Here, we talk to Biehn about the making of that 1989 epic of sci-fi, working with James Cameron, passing on Point Break, and defending strippers in his directorial debut, The Victim…
I’ve always admired your loyalty to James Cameron. And then you went on to work with him on The Abyss (1989), and I remember you’ve always defended his working style, especially after reports of a few egos getting bruised during the filming of that film. Does it still amaze you that people can fail to dedicate themselves as much as asked sometimes?
Well I’m not sure if it’s people… the thing about Jim is – I think that Jim is a really passionate person. He cares more about his movies than other directors care about their movies. Billy Friedkin’s the same way. He cares more about the way his movies look than the way other movies look, and Michael Bay’s that way, he cares more than other people.
That’s why they’re successful, that’s their way, and their way of expressing that sometimes can be grating on people. I wish, and I’m sure that they all wish they could be Ron Howard, or Clint Eastwood, and have this really calm demeanour, and be able to get everything done and still do a great job.
I actually found out, when I started directing, that I was kind of a combination of Jim Cameron, Billy Friedkin and Michael Bay, all rolled into one! [Laughs] So you’re kind of talking to the wrong guy now about that, because I really… you know, passionate anger, it’s hard to tell the difference between passion and anger, and I can get very, very angry, very, very quickly on a movie set. But it passes very quickly, and then I move on, but I [think] a lot of passion can look like anger very quickly, and for me, I know that people think I’m a raving lunatic on a set.

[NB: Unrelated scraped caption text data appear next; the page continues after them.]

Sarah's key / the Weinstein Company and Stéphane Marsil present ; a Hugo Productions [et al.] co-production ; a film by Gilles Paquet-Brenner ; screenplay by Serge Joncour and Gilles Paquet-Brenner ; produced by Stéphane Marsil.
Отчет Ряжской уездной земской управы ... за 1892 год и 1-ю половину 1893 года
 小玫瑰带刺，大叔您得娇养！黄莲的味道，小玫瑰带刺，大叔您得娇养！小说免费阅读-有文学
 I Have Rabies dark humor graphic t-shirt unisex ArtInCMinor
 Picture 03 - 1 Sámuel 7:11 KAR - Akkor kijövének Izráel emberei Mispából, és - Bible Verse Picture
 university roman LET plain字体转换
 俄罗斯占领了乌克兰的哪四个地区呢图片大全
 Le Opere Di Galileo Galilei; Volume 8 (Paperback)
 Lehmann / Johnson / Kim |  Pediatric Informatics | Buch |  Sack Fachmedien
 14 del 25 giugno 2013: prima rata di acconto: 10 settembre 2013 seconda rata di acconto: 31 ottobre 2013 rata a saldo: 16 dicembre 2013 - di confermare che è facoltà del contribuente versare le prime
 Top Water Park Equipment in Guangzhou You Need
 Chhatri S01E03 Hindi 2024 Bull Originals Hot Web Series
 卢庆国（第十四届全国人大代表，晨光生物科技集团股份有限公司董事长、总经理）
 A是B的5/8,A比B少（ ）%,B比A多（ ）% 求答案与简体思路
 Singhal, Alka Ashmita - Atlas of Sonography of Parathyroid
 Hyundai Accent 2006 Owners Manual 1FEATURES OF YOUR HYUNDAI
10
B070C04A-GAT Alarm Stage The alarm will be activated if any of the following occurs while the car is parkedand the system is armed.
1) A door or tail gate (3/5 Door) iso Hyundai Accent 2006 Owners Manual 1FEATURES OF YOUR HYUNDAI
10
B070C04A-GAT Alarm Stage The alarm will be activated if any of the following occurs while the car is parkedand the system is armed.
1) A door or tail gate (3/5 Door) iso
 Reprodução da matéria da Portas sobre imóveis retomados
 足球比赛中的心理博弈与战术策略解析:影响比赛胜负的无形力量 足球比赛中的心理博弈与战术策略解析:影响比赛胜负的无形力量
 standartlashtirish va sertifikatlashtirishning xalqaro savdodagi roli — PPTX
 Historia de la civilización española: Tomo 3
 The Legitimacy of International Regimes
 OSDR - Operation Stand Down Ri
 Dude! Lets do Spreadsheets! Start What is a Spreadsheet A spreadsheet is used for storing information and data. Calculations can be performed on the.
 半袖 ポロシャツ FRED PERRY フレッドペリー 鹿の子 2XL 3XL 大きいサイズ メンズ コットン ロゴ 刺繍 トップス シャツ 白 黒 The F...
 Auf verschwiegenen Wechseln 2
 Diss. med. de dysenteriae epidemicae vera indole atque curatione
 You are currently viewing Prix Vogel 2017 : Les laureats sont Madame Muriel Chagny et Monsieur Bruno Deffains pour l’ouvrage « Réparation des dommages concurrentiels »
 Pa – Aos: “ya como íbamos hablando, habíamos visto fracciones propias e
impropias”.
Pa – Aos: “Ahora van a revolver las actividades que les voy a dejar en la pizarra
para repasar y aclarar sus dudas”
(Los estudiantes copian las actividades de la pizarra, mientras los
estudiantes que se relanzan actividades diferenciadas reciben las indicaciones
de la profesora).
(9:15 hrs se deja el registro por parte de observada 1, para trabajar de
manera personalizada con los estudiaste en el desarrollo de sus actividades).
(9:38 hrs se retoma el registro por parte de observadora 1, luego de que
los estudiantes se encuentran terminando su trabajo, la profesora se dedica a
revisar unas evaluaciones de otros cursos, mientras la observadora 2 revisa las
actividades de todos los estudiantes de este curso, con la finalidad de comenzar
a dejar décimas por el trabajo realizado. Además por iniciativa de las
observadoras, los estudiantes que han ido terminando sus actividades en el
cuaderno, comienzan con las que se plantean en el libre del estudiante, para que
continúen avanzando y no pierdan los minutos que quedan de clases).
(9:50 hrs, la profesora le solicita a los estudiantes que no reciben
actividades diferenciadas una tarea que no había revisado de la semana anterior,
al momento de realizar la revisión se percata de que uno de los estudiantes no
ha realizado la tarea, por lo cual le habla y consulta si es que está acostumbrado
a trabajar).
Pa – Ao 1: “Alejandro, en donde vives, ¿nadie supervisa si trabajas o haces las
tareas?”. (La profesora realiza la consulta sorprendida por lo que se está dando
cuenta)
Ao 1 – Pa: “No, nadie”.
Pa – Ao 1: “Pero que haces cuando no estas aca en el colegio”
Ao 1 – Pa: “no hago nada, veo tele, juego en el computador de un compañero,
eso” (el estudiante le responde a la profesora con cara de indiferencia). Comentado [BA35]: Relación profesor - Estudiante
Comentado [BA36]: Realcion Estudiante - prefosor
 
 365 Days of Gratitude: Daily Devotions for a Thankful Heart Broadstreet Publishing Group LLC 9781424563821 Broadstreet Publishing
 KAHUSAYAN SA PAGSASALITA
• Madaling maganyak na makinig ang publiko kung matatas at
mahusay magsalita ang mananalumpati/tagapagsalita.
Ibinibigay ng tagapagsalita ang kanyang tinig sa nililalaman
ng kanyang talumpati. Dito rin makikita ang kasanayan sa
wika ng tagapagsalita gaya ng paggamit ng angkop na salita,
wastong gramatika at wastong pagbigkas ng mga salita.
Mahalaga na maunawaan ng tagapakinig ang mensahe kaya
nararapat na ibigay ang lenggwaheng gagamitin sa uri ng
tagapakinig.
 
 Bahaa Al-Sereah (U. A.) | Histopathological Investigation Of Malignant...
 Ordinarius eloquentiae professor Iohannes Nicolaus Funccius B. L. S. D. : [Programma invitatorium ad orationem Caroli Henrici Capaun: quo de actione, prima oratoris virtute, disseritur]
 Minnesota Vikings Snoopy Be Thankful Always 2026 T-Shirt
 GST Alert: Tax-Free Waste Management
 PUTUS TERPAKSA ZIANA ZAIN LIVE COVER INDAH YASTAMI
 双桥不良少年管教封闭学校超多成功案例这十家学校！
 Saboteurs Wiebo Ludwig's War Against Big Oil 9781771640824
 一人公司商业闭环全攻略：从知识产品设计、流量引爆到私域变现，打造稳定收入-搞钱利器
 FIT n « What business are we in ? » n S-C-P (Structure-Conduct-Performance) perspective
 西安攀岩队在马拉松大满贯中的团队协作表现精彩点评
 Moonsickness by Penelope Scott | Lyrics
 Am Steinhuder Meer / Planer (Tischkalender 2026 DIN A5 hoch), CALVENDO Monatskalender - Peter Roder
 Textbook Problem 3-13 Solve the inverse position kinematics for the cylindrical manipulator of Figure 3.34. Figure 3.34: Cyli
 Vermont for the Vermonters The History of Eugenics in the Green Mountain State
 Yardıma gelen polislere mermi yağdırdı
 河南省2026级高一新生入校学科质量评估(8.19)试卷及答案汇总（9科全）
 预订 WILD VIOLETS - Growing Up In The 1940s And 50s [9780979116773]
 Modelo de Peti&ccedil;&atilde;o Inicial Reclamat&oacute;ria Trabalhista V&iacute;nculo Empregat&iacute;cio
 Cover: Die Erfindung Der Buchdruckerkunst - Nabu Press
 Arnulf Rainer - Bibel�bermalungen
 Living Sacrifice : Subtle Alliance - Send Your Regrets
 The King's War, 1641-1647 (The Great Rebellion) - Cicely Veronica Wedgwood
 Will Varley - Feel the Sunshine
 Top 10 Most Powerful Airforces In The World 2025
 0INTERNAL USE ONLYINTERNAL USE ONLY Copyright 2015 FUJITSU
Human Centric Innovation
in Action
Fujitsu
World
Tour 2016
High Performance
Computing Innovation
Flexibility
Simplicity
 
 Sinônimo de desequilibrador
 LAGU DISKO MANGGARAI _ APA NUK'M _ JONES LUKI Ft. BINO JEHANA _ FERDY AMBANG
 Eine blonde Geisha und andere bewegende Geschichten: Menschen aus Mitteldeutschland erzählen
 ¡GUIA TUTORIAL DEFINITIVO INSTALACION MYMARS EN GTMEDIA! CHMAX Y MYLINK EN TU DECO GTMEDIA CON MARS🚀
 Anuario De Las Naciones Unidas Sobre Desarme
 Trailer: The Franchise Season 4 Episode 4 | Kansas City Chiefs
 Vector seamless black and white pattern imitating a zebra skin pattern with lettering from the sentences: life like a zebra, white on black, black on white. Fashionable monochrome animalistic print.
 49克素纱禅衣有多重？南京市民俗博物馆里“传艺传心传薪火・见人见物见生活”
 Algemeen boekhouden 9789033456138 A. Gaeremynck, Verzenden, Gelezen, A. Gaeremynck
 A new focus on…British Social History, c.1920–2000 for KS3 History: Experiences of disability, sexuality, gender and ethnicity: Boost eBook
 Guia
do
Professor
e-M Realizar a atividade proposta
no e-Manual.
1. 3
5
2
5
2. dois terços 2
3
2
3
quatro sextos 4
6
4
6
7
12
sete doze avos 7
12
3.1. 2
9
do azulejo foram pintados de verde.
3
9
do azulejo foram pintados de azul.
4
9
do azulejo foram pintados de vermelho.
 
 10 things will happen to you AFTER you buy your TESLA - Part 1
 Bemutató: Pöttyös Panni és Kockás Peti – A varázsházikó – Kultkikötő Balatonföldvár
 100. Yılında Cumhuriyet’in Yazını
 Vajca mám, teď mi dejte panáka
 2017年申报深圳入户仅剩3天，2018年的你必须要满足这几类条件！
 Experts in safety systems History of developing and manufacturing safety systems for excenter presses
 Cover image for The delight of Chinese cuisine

Jim was working eighteen hour days on that movie, and I’ve done three movies with him, or four if you count T2. I’ve never seen him yell at anybody. I’ve never seen him say anything to anybody, but he’ll say things like this, and he said this to me once, and it’ll give you an idea of what Jim’s like.
You’ll do a take, and he’ll walk up to you and say, “Michael that’s exactly what I don’t want”, and you can either go, “Oh what a fucking bastard, oh he bruised my ego!”, or you can say, “Well what the fuck do you want, Jim? Show me! If you were an actor, you could act it, but you can’t! You have to show me what you want me to do! You wanna give me a line reading? Give me a line reading! Show me what you want, I’ll do it!”
And he’s cool, y’know? He’ll do it, but he’s not real sensitive when it comes to actors and their trailers, and waiting for actors to come to the set, so he can get his shots off. I think that Jim, from what I understand, got a little bit more verbal after he was done with The Abyss, because I didn’t see anything.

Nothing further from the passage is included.